El periodista mexicano Rafael Cabrera plagió a su sujeto de investigación para titular su reportaje sobre Elena Garro: Debo olvidar que existí, delicia nostálgica indiscutible entre las delicias nostálgicas, donde las haya.

El periodista de izquierda John Reed acertó como pocos en el tiernísimo oficio sugerente y propiciatorio de nombrar obras con su crónica Diez días que conmovieron al mundo, sobre el asalto bolchevique al Palacio de Invierno de San Petersburgo.

La olvidada, priista y maravillosa novelista María Luisa La China Mendoza, autora del lirismo mezclado con mojigatería de su natal Guanajuato, nos ofrendó un tesoro de acierto antologable con aquella canción sobre la matanza de Tlatelolco editada por Joaquín Mortiz: Con él, conmigo, con nosotros tres.

Su tocaya, María Luisa Puga —“hija de su Puga madre”, dicen que le decían—, también titulaba bellísimamente sus reflexivas y áridas novelas, como deja ver la inaugural: Las posibilidades del odio.

Luisa Josefina Hernández escribió tanto que algunas veces ganó el concurso silencioso e ilocalizado del título más hermoso del ejido, con aquella Carta de navegaciones submarinas, seguida de la Nostalgia de Troya.

Homero Aridjis se anota un gol con aquel tierno y cotidiano Mirándola dormir; Josefina Vicens nos interroga en permanencia desde El libro vacío; otra vez Garro nos retrata su emergencia emocional mientras anuncia que Andamos huyendo, Lola; José María Arguedas nos recuerda que la literatura es la delicia de la invención de geografía voluntariosa desde El zorro de arriba y el zorro de abajo; Pedro Lemebel insinúa el intimismo facultativo de su crónica callejera altamente sentimental con La esquina es mi corazón; Salvador Elizondo acertó cinematográficamente con su Farabeuf o la crónica de un instante; Italo Calvino adelanta las reglas del juego con su condicional e inconcluso, seductor por sugerente, Si una noche de invierno un viajero; Juan José Arreola sintetiza su credo, arte poética, en el Confabulario; Pablo Neruda presume su ubicuidad suntuosa y autoproclamada desde el Canto general o la Residencia en la tierra, mientras invita a la mueblería lúdica del pie desde su niño en el Estravagario, y Ricardo Garibay nos cuenta el final de su propia novela desde el anuncio en la portada en torno a La casa que arde de noche.

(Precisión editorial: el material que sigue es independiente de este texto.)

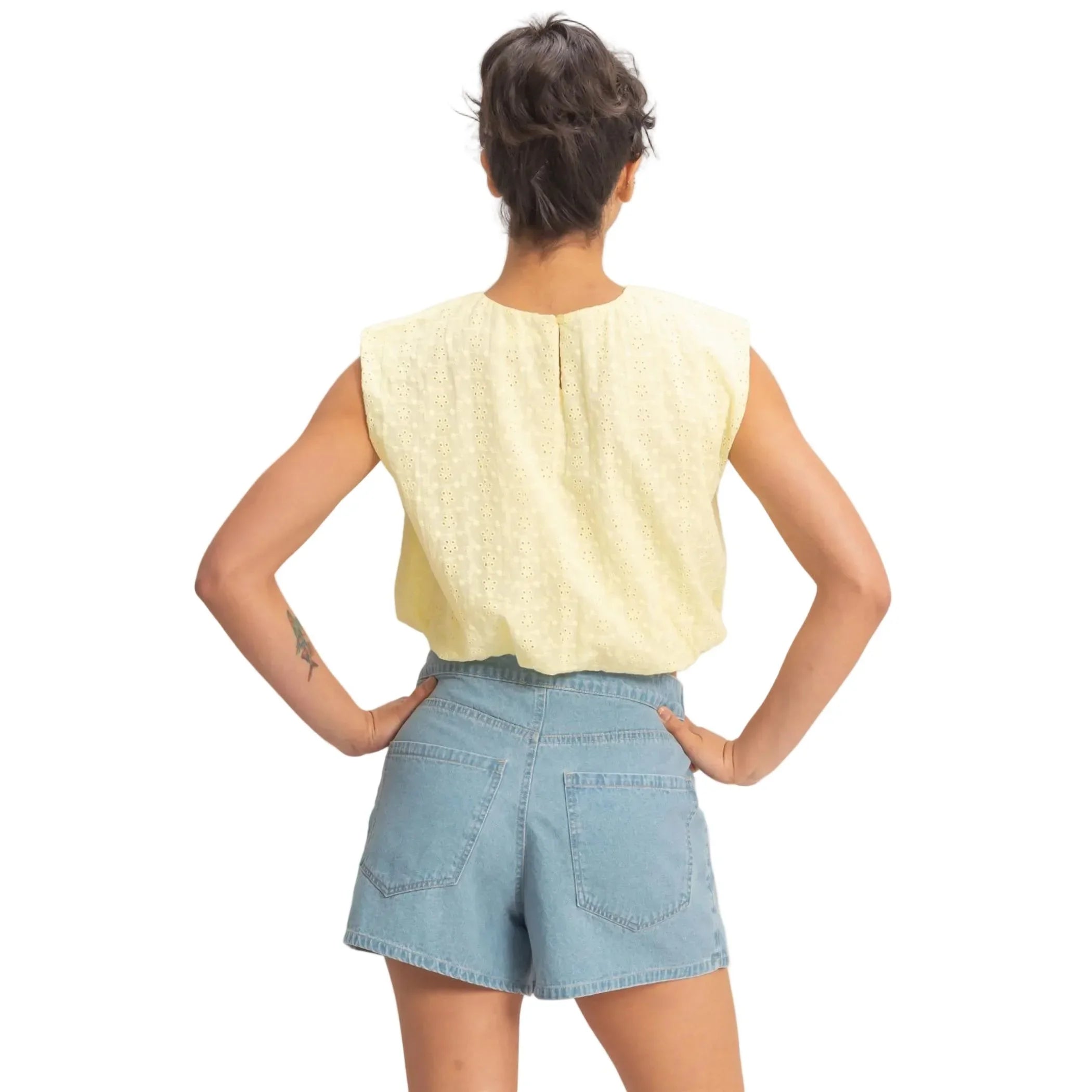Women's Yellow Bubble Hem Cotton Eyelet Sleeveless Top DZ26C114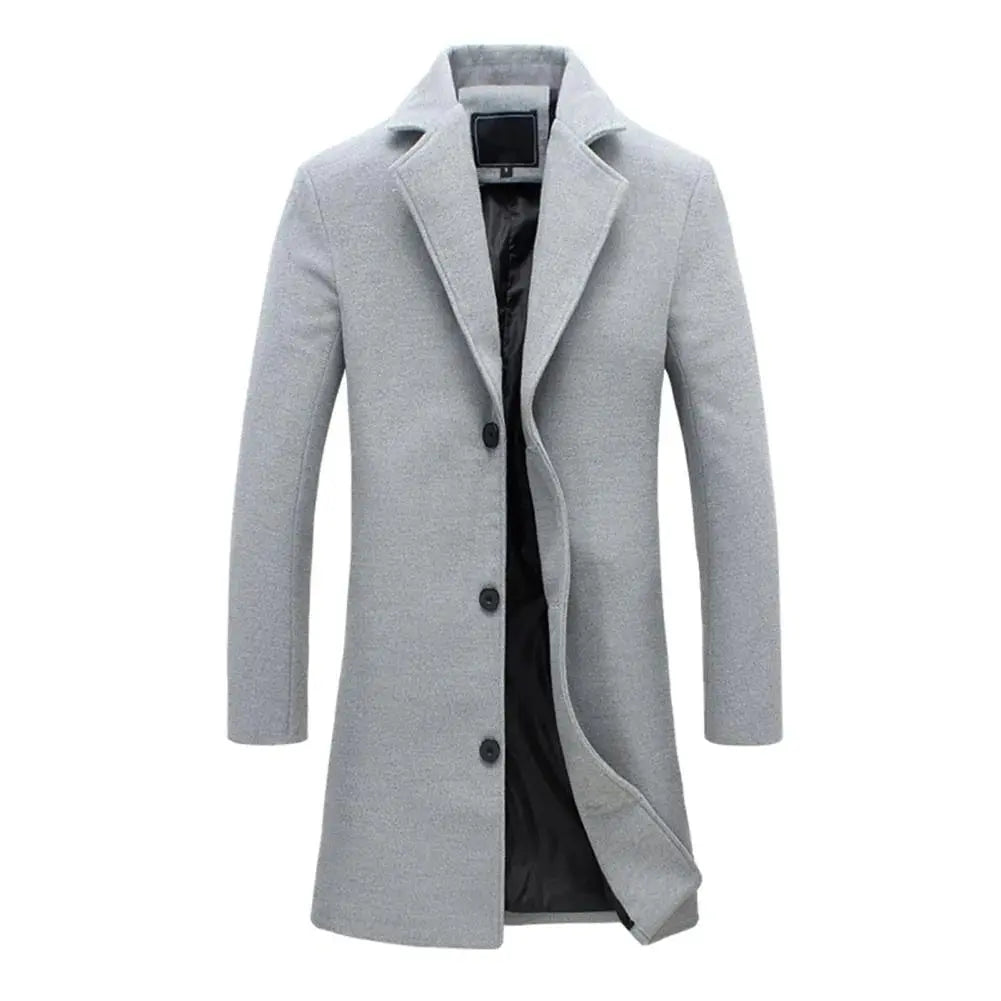 Leo Mens Overcoat Full-Length Winter Coat with Straight Cut in Light Gray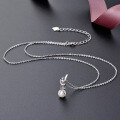 wholesale S925 sterling silver pearl necklace for women, autumn and winter lightweight luxury cute design small fairy pendant collarbone chain-0-3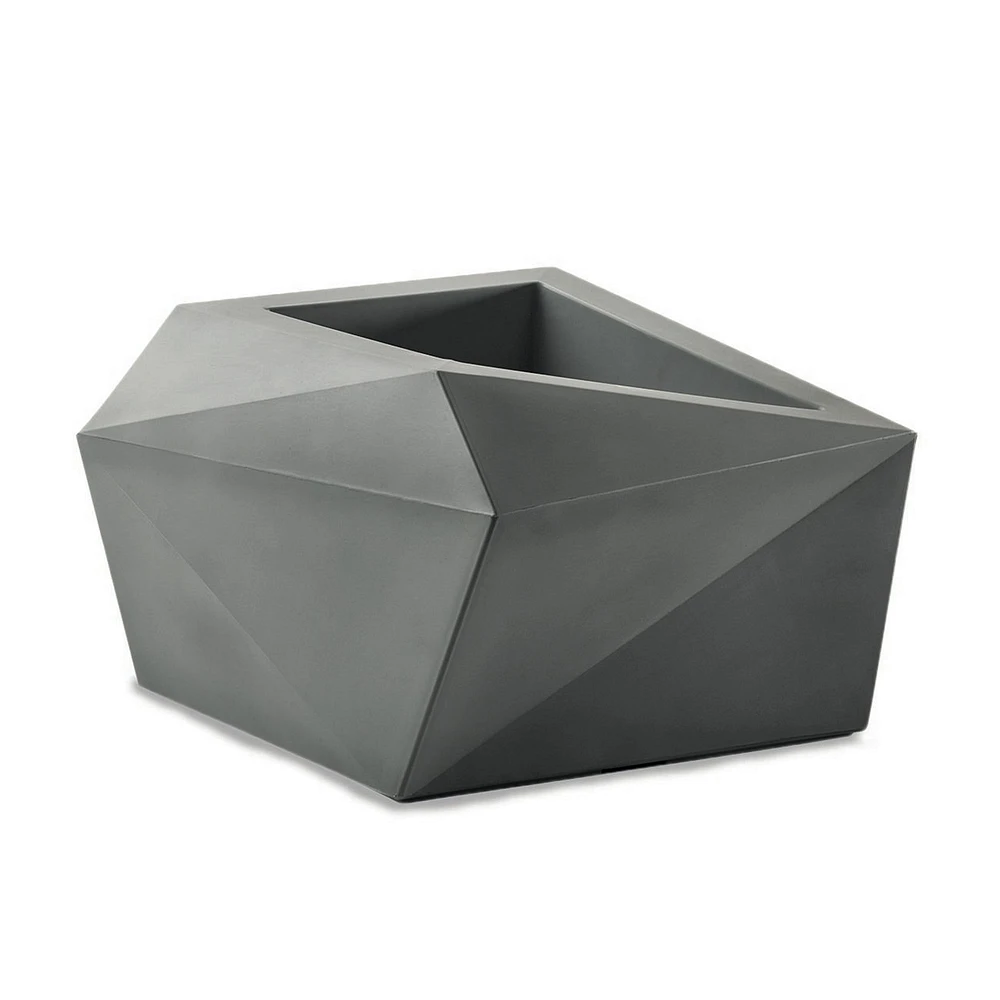 Origami Planter, Short, 23"SQ x 14.5"H, Caviar Black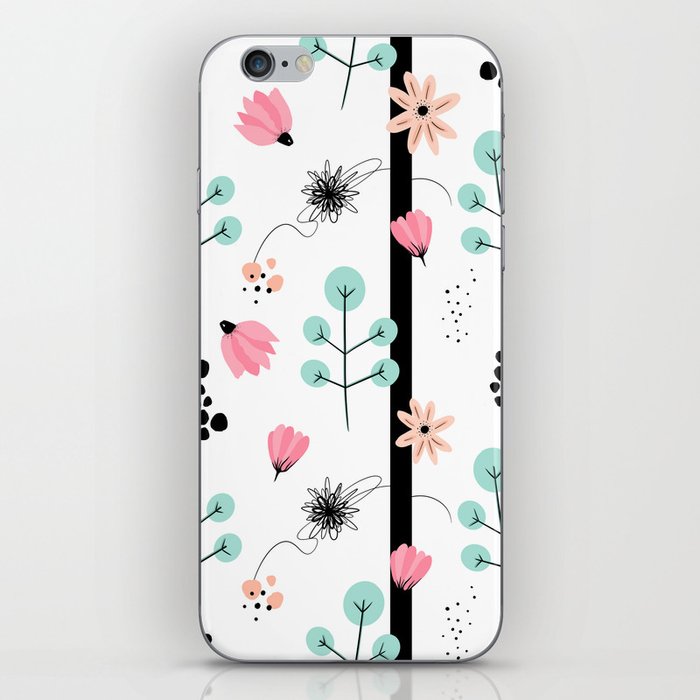 Florals in the Wind Cute Pastel pattern iPhone Skin
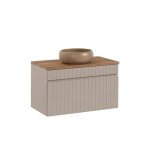 Meuble de salle de bain  suspendre iconic cashemire 80 cm avec le plan couleur evoke et sa vasque wiki ...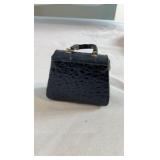 Vintage Roger Gimbel Accessories Navy Blue Croc-Embossed Miniature Purse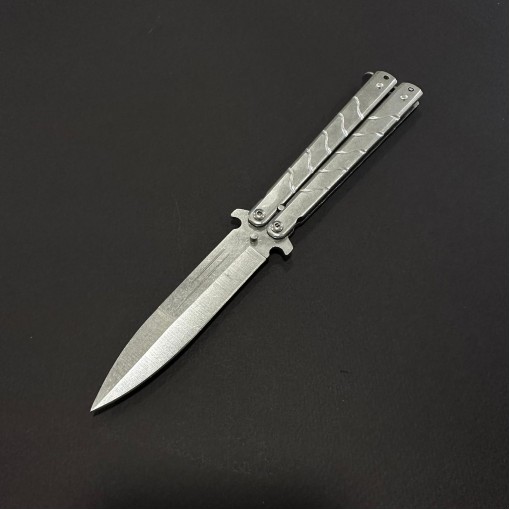 Briceag Balisong Silver 22cm, lama otel inox, maner stil fluture/butterfly, BAL-22FSLV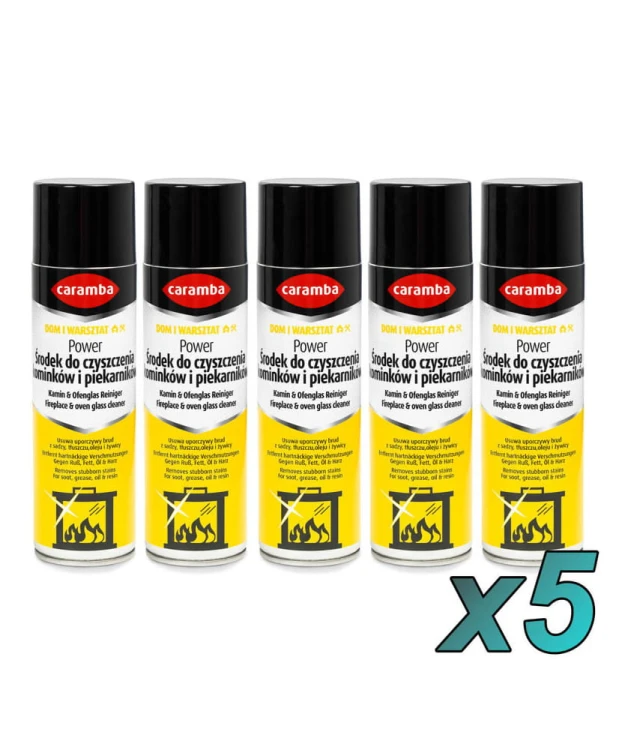 5szt. Caramba Aktywna pianka do czyszczenia szyb kominków i piecyków 500ml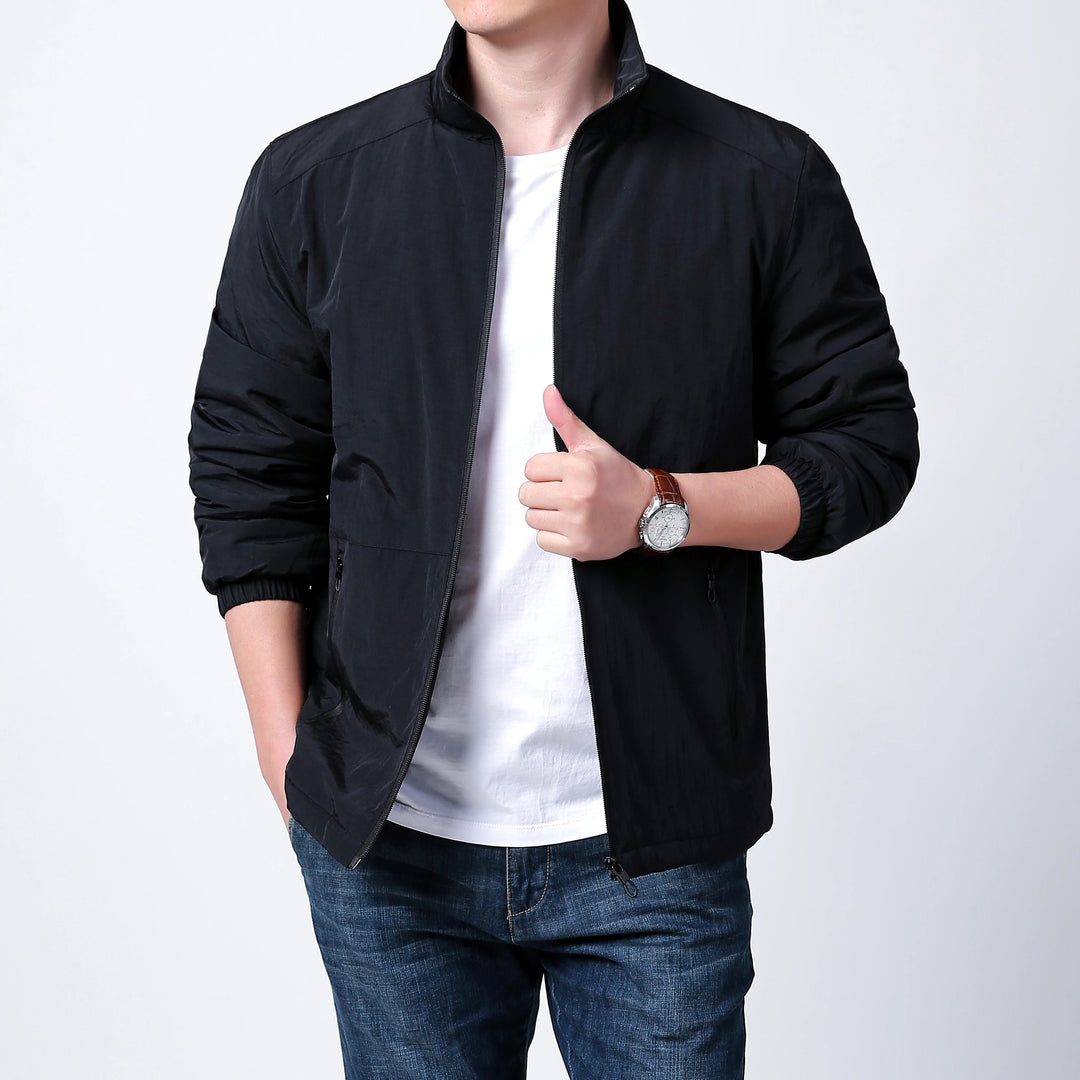 Herren-Langarmjacke mit Reißverschluss und Seitlichen Reißverschlusstaschen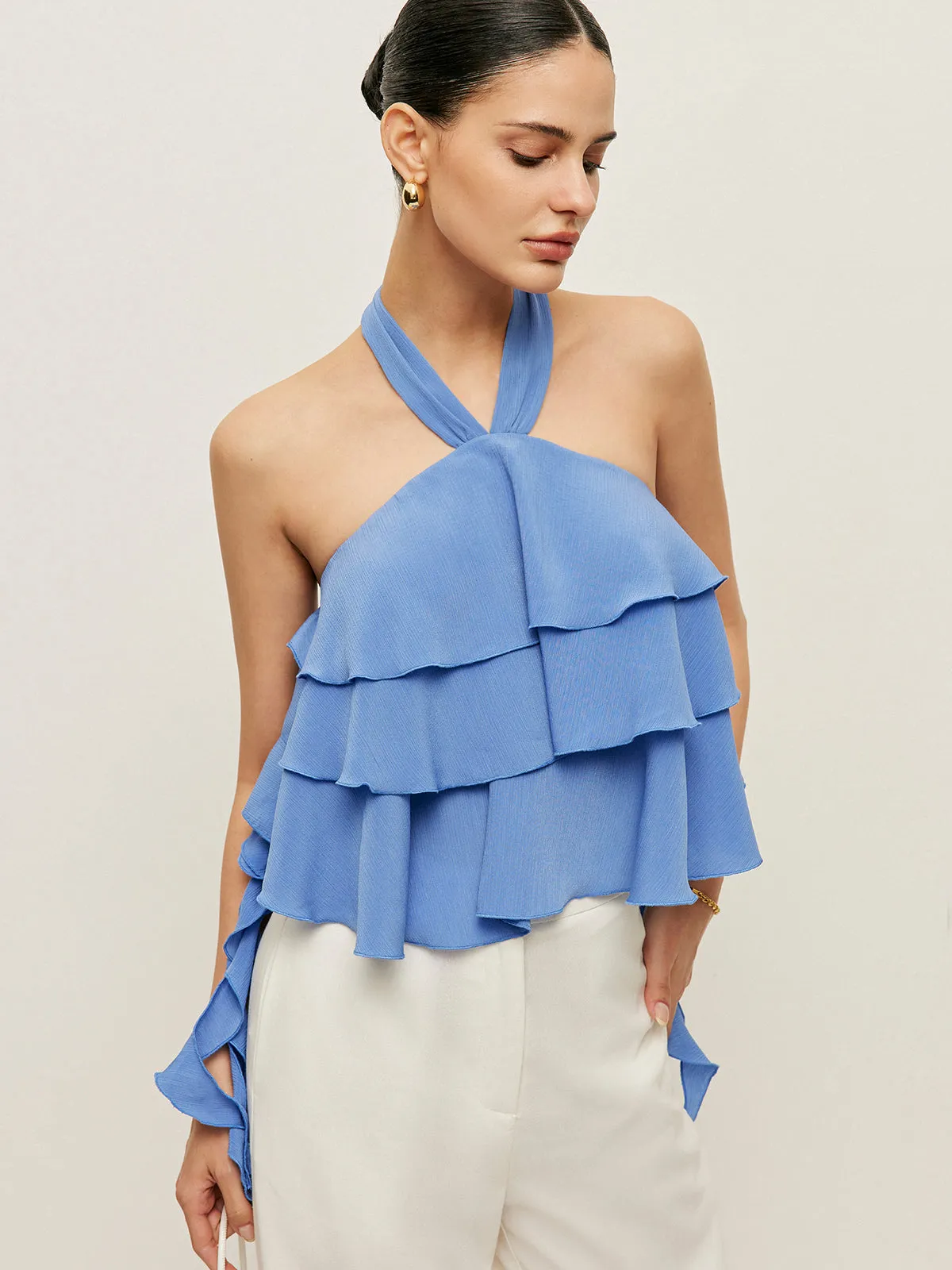 Halter Neck Ruffled Top sold by COMMENSE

Está el clásico de la prosodia, no por revisitado menos eficaz, de Gabriel García Márquez, con aquella La increíble y triste historia de la cándida Eréndira y de su abuela desalmada, seguido del resto de sus aciertos siempre parodiados en uno y otro rincones del oficio periodístico.

Sobre este tópico: el del título como la síntesis de la convocatoria, la antesala del deambulatorio fundacional, la consagración de la sugerencia, mi amigo Rodolfo Ruiz escribió incluso un poema que juega a imaginar obras, de alguna manera ya escritas en la imaginación con apenas enunciarlas, con apuntar bosquejos. Muy a lo Tlön, Uqbar, Orbis Tertius.

Y ya, y nada más: me permito esta larga, caprichosa, antojadiza e insuficiente lista para proponer la defensa, conforme a ejemplo, de que la invención de la escritura, cuando es verdadera, supone subvertir el mundo, la fabricación de lo inusitado, el desafío contra la comodidad para llevar el placer hacia la transformación que mira todo con hermosura añadida porque lo mira por primera vez.

Otro de los poderes de la propuesta.